Poem

“The Worker”

Nothing had been burned with my mother, even the tiny, blue snowflakes of her cotton hospital gown the floor-nurse took back, and kept. The rows of tongues of flame inside the mortuary incinerator were given bone, flesh, blood, wedding ring and hair. Suddenly I’m glad I do not have that job—mother after mother after father after father, a child, baby, to scrape out of the firebox into the urethane urn. I always forget the worker, the one instead of me who picked that dewy, rigid corpse up, and slid it in the body-sack and zipped it to; the one who lifted it out of the bag and put it in its tray on the conveyor belt; the one who pushed the button to move her into the enclosure; the one who flipped the switch to fire the jets.
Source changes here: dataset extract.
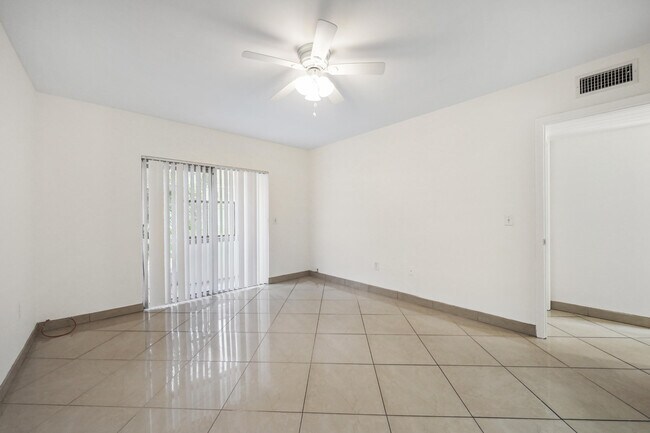 Building Photo - 2878 Donnelly Dr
For a moment, I almost see it, my mother’s body made of a feeding frenzy of fire, and then the scraper scrapes her—and a few ashes of the one before, and a grain of the one before that, and the one before that— into the box, and the secretary labels it, and puts it in the ball-bearing file drawer, by her desk, and the little carton of my mom abides, the office calendar page of April is torn, May, June, July, August, out she rolls, I do my amateur teamster featherbedding, the minister does his work of magic respect, taking the heat of the eternal for the rest of us whose fingertips and nails break into the harsh, purplish, Molokai sand and convey a handful out over the rail and give her to the wind and sea, roughage for the fishes’ work of seeding the deep, we give her to the hard-laboring moon, we give her leave, and permanent furlough.